EXERCISE PROMPT - From the first line to the last, repeat the data exactly but leave out the pictures.

════════════════

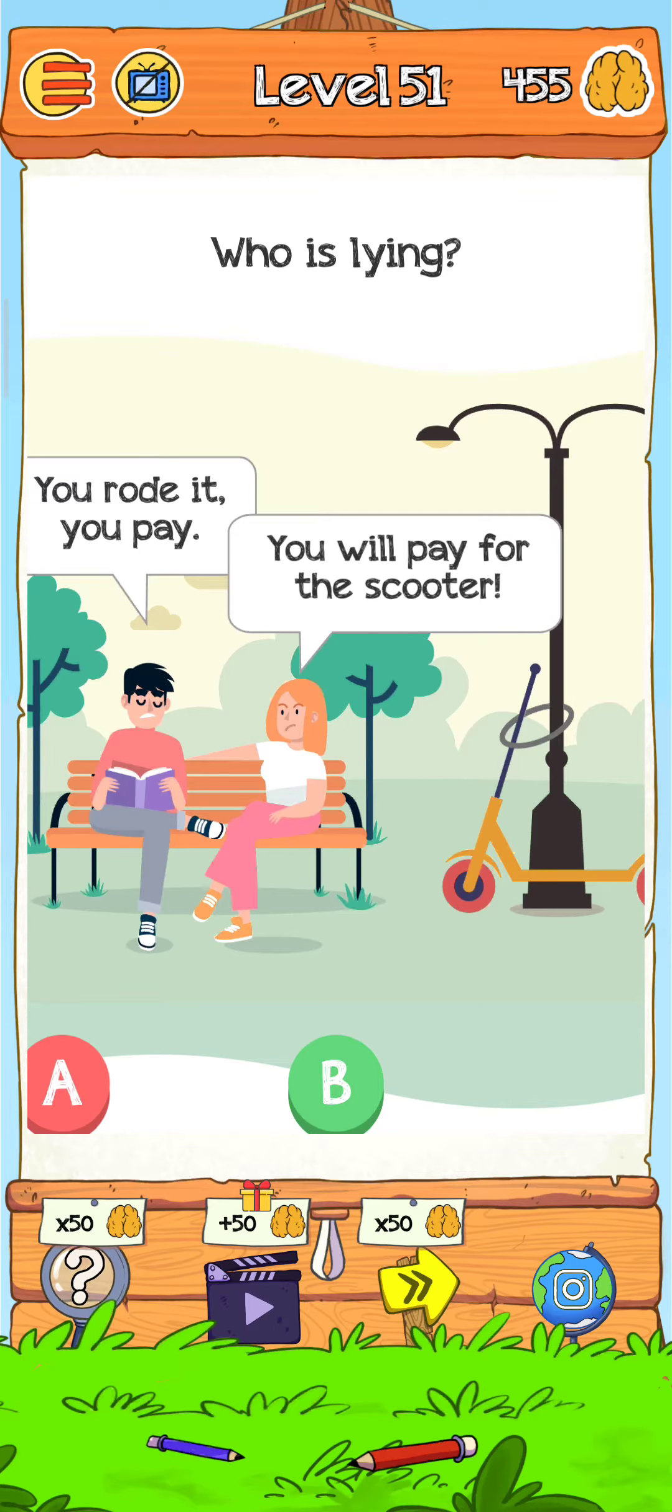So let's find out. You rode it, you pay. You will pay for the scooter. Just tap on the scooter. Here's the footprint, so just tap on the shoes. I think A is the shoes, so just tap on A. And now the level is complete.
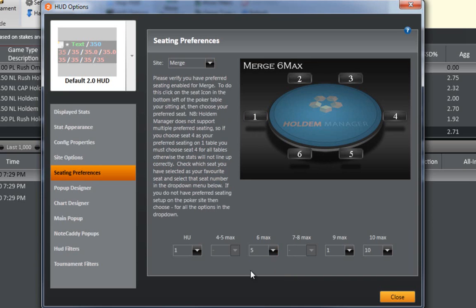Once your poker client seating preferences are set, click one of the dropdowns to set your preferred seat.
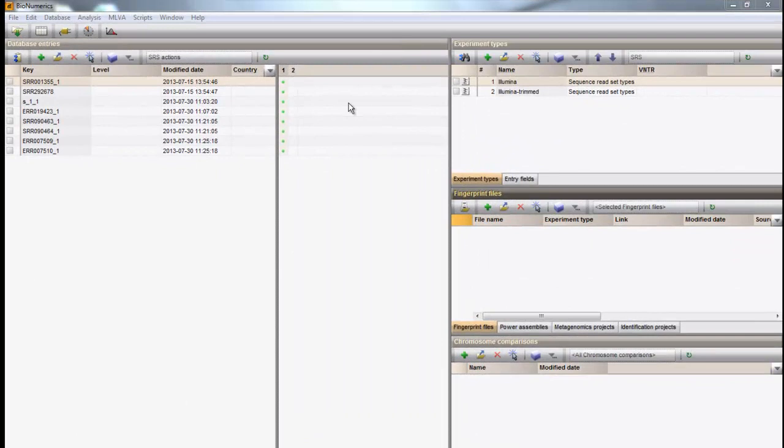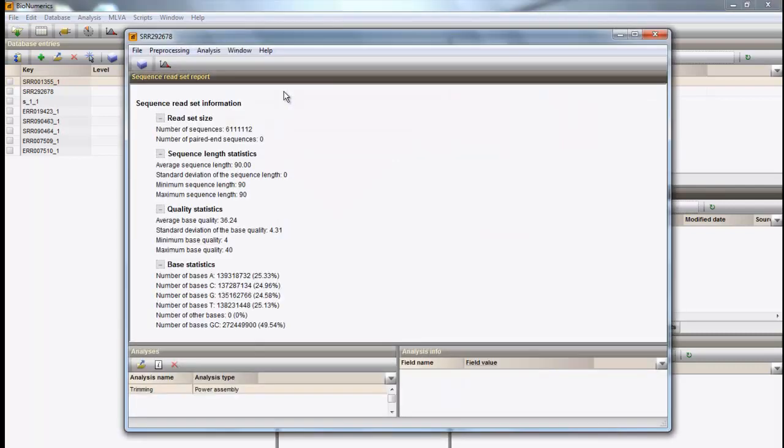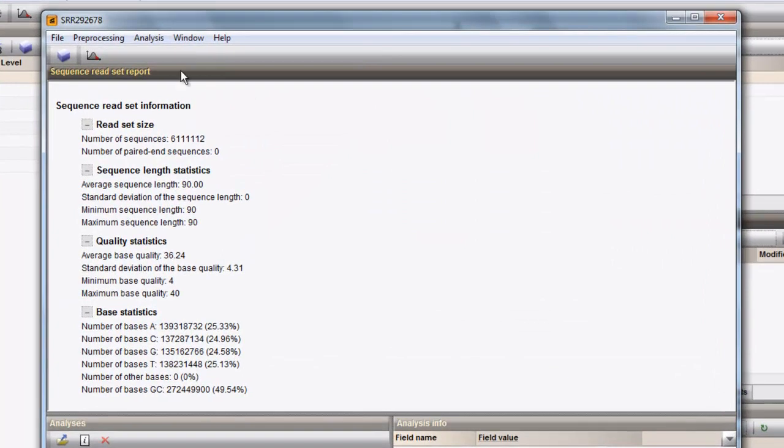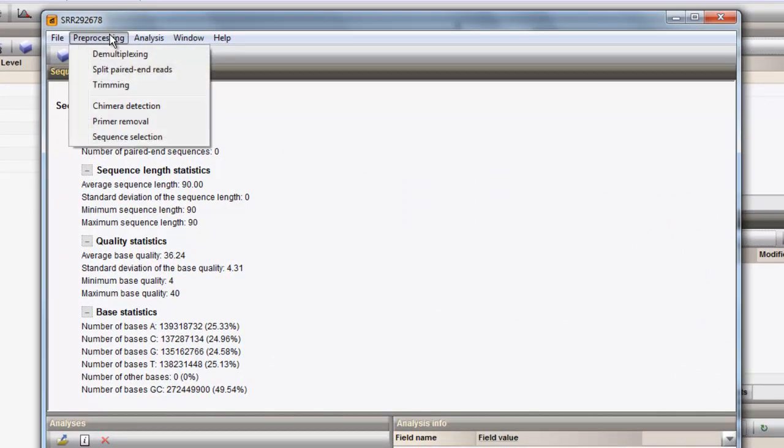In this video, we will start preprocessing runs in Bionumerics. From the Sequence Read Set experiment card, one can easily launch a specific preprocessing action on the data.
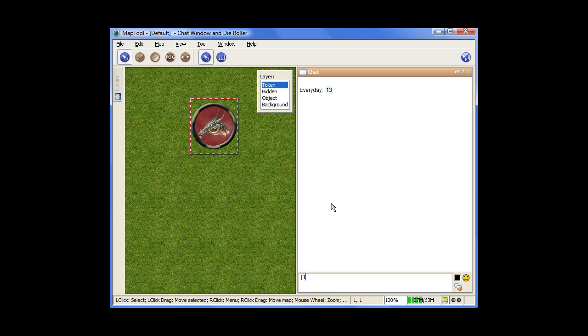And you can throw in math there if you want to as well, so 1D20 plus 6, and then close that off. Now that pops up, and you can see how the total is highlighted there. You can point at it, and it pops up and shows you what you rolled and what you typed in for the bonus.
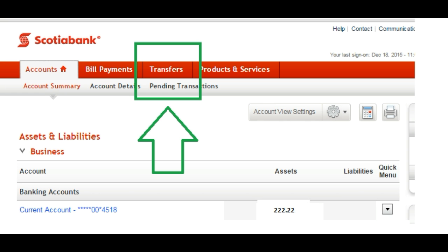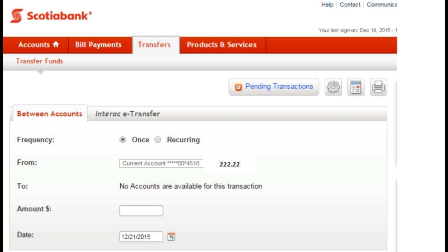The next screen looks like this. At the top, in the middle, outlined here in a green frame, click on Transfers.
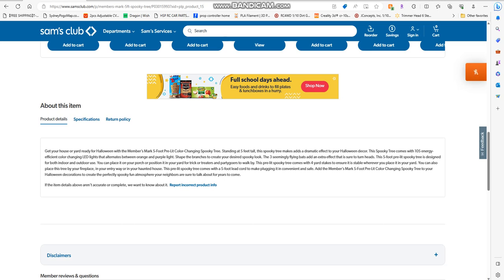You can also place this tree by your fireplace or in your entryway or in your haunted house. It comes with a five-foot cord to make plugging it in convenient and safe.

════════════════

WORKED SOLUTION -
So let's find out. You rode it, you pay. You will pay for the scooter. Just tap on the scooter. Here's the footprint, so just tap on the shoes. I think A is the shoes, so just tap on A. And now the level is complete.
Once your poker client seating preferences are set, click one of the dropdowns to set your preferred seat.
In this video, we will start preprocessing runs in Bionumerics. From the Sequence Read Set experiment card, one can easily launch a specific preprocessing action on the data.
And you can throw in math there if you want to as well, so 1D20 plus 6, and then close that off. Now that pops up, and you can see how the total is highlighted there. You can point at it, and it pops up and shows you what you rolled and what you typed in for the bonus.
The next screen looks like this. At the top, in the middle, outlined here in a green frame, click on Transfers.
You can also place this tree by your fireplace or in your entryway or in your haunted house. It comes with a five-foot cord to make plugging it in convenient and safe.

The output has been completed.